Response to Jeff Elman's Commentary
on The Algebraic Mind (
Gary F. Marcus
January 2, 1999
Department of Psychology
New York University
Inexcerpts from my forthcoming book The Algebraic Mind, I suggested that rules play a necessary (but not sufficient) role in human cognition. In the course of making this suggestion, I argued that Elman's (1990) Simple Recurrent Network could not generalize to novel words, so long as it used localist output representation. I further argued that alternative, distributed representations, led to a different kind of problem, "the superposition catastrophe", a well-known difficulty that arises when multiple entities that are represented with overlapping features must be simultaneously activated.
In a commentary on those excerpts, Jeff Elman has argued that "localist representations are useful but not necessary to the connectionist models Marcus is concerned about", that simple recurrent networks can generalize to "gappy input", that "generalizations depend on the relative amount of data and experience" and that a "more reasonable interpretation of what the network is doing is exactly what humans and other animals do". Each of these arguments is worth considering; each turns out to rest on confusing different types of generalization.
Localist representations/Distributed Representations
Is it true that "localist representations are useful but not necessary to the connectionist models Marcus is concerned about"? This rather technical issue is central because, as shown in Marcus, 1998, models such as the simple recurrent network cannot generalize to novel words if those novel words are represented locally (i.e., by means of a single unit).
But Elman suggests that localist representations are used merely "for convenience"; I argued that they are more than mere convenience. The weight of the connectionist literature is on my side, not Elman's.
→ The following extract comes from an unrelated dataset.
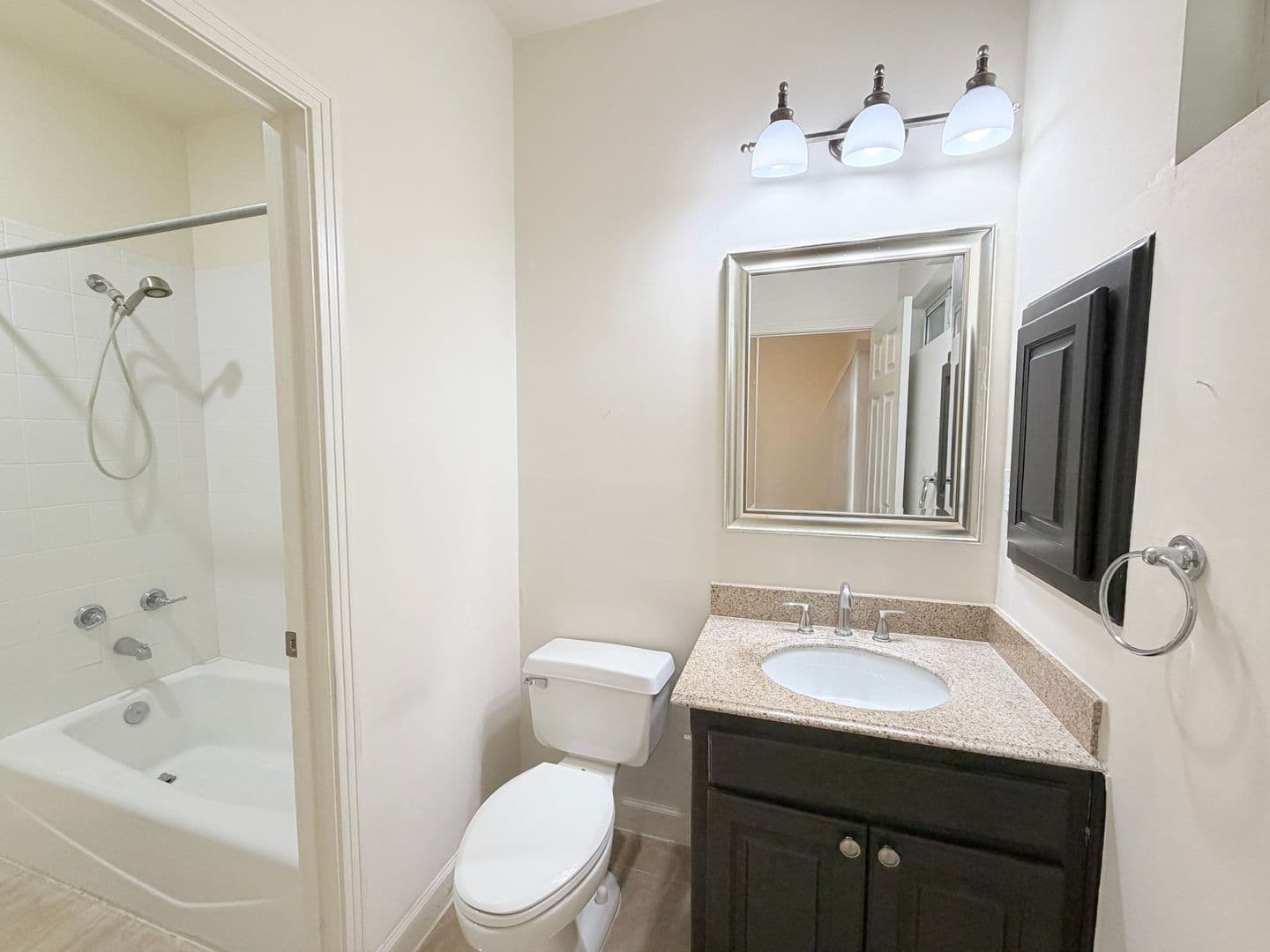 Austin House: 4009 Eck Lane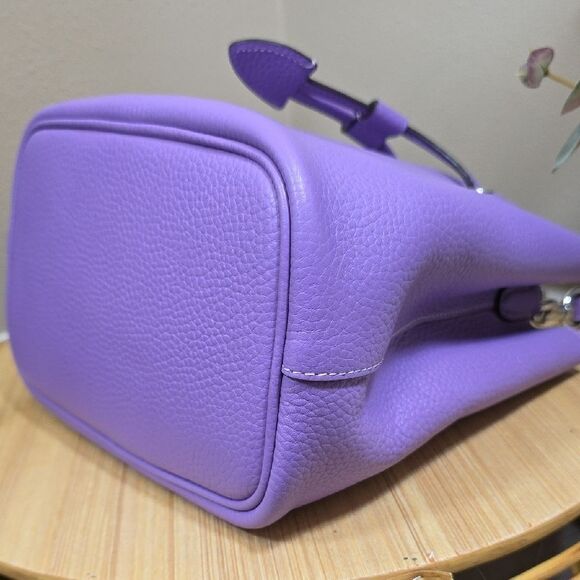 Coach Rowan Bucket Bag and Zipper Pouch - Picture 10 of 14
For example, the very people that Elman cites as having shown that the superposition catastrophe "does not arise in practice with representations which are realistically rich" have written that
distributed representations can only be activated simultaneously at a cost, and for some critical number of items multiple activation would become noisy or even break down altogether.
Elman never says exactly what he takes Gaskell and Marslen-Wilson's solution to be, and Gaskell and Marslen-Wilson themselves did not show how the SRN could be made compatible with both the sentence-prediction task and the a-rose-a-rose task that I described. In fact, there is good reason to expect that no single representation could be made compatible with both tasks.
To succeed in the sentence-prediction task, you must activate all and only the correct continuations to a given sentence fragment; the correct target for a model is easily represented in a system of localist representations but hard to represent in most distributed systems. For example, suppose that the sentence of words that can appear next is the set of singular nouns. Provided that each word is represented by a distinct node, a system can activate the nouns that represent the singular nouns without activating any other nodes.
But if the features that encoded nouns overlapped with the features that encoded verbs, there would be no way for the model to activate all and only the features that encode the nouns; inevitably, activating the features that encode the nouns would entail activating some or all of the features that encode the verbs, hence the system could no longer activate all and only the nouns.
In fact, no bona-fide distributed representation version of the simple recurrent network has ever been shown to solve the sentence prediction task. This has been true not only my own tests of such models, but also those of Elman himself. In an unpublished (1988) technical report, Elman described a version of the simple recurrent network in which the representations of nouns and verbs did overlap (all other reports of SRNs applied to sentence prediction have used localist output representations). The result? The ""networks performance [on the sentence prediction task] at the end of training ... was not very good (p. 17)".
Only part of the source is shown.